後述の「パワーバランスの遵守(日常)」参照。

・46話 魔法のクリスマス!魔法のクリスマス!みらい、サンタになる!?
視聴者に対してサディスティックで不穏な展開が続く中で魔法使いらしさが出た純粋なワクワクもん回。緩急を付けていざ最終章。

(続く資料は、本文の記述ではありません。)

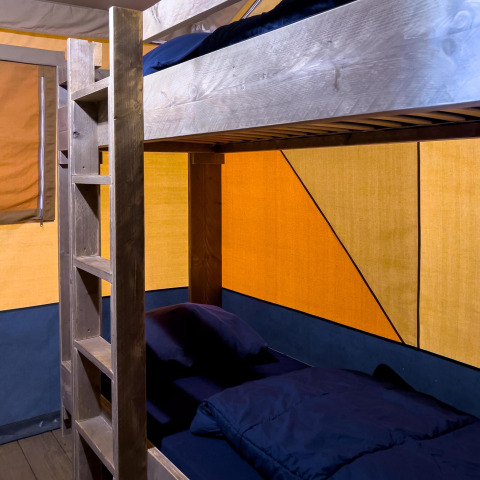 Letto a castello in legno con biancheria scura in una tenda safari di lusso al Camping De Betteld, Paesi Bassi.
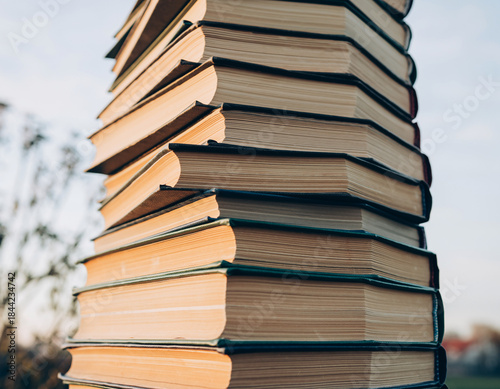 A colorful stack of old books and paper documents represents knowledge and the literature of education and learning
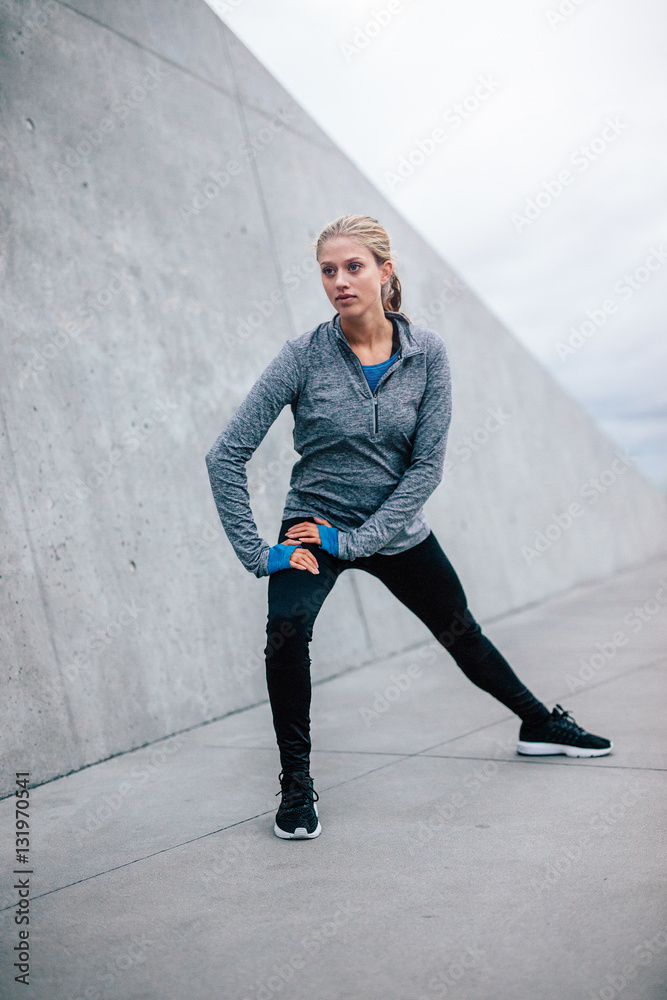 Female runner doing stretches in city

・49話 さよなら…魔法つかい!奇跡の魔法よ、もう一度!
殿堂

 

【唯一の不満点】(あくまで個人的な意見、これ以外はすべて素晴らしい)

・カッコいいリコ回不足(中盤以降)
第二部以降かっこいいリコ回がなかった。立ち上がるシーンもほぼみらいからだったので、主役回以外でももう少し欲しかった。ただ、当たり所が悪い以外で挫けるミラクルが考えられないのでなかなか難しいのは理解できる。一人で変身できないし。
リコが活躍する場面といえばキュアモフルンの「みらいにまで何かあったらどうするのよ」くらいなもんで……。主役回もコンプレックスの解消が主でさ。生徒会長回とか聡明さ描写はあったけどカッコいい回ではないよね。
ちょっとブルーになったみらいの手を引っ張るリコとか、みらいの猪突猛進(言い過ぎ?)を陰ながら支えているのがリコなんだ!的な描写ならあってもよかったかな。
もし制約のない小説であれば、もっと魔法界の守護者(みらいに内緒で父親から情報を得ていたり)らしい活躍ができたのかもしれませんが、あくまで"みらいと並び立つもの"であるため本編のようになるわけですね。第一部(エメラルド捜索編)ではみらいとの危機感の違い(空回り気味)がありましたね。

 

【絶賛点】

・パワーバランスの遵守(戦闘)
プリキュアOtR>ムホー眷属>フェリーチェ>ドンヨクバール>プリキュア>ヨクバール
というのがよく守られておりました。特に22話を初めとしたドンヨクバールに敵わないプリキュアに真摯さを感じました。実力も描写もあくまでフェリーチェの露払いなんですが、それでも立ち向かっていく二人が非常にヒロイックでした。力設定はお話優先でもいいかなとも思うのですが、本作品は自分の覚えている限りでは守られていました。

・パワーバランスの遵守(日常)
「魔法の使えないナシマホウ人にもマホウ人にはない良いところはあるんだぜ~」という描写が露骨にかつしつこく無かったところ、というかほぼなかった。あくまで「魔法がなくても楽しい」とか「汗をかくと水がうまい」程度のもんで。
最もたるは39話、クレープ屋に補習組が参加するが、結局のところ「魔法が使えない人間に合わせている」だけである。力のあるものが歩み寄って(力を落として)初めて並ぶことができている。続けて40話の魔法で皿洗いのシーンも強烈に2つの世界の違いを表していて好きです。

・みらいへのしっぺ返し
リコやはーちゃん(楽しい日常)を失いたくないみらいは無意識的に、特にリコを縛り付けています。その呪いは結果として中学3年~大学1年(?)まで自分を苦しめることになります。リコと違い手段も情報もなく来るかわからない未来を待つしかありません。
キュアモフルンでもモフルンを取り戻すためにはーちゃんやリコが犠牲を払います。ある意味悪女なんですね、みらいは。(適切な表現募集)

・リコの決断
↑とも関連しますが、基本的にリコはナシマホウ界にいる必要がないんですよね。ですがみらいが勢いで自分の手元に置き、魔法界の人も何かと理由を付けていい話風にしますが、リコの中では「本当に自分はここにいていいのか」という疑問が常に付き纏います。(特に41話以降2つの世界が近付いたことで2つの学校に通えるようになりましたが、リコにとっては当然である魔法学校の授業を受けることに本来不要である労力を払っているわけです)
それは47話のリコの願いにも出ていて、リコの頭の中にはナシマホウ界にずっといることは想像していません。
ですが最後の最後で「再開の魔法」を唱えます。泣けますね。

・リコへのフォロー
さらに続きますが、49話の間でしっぺ返しを受けたみらいに比べて、リコは魔法学校の先生になった上、在学中(?)に人魚やバッティを魔法学校へ誘い入れ、さらにはナシマホウ界まで辿り着いて、しかも新校長になることが暗示されるというトンデモない成長が描写されています。
主人公力等はみらいと比べると劣りますが、プリキュアの経験を経てみらいにはない強烈な反発力を正しい方向に使えるようになったわけです。最終話に詰め過ぎ、でも泣けます。

 

【終わりに】

本当はいろいろあるんですけどこの辺にしておきます。
"ふたりプリキュア"は濃くてとても良いので私でも見られます。次のふたりプリキュアも期待しています。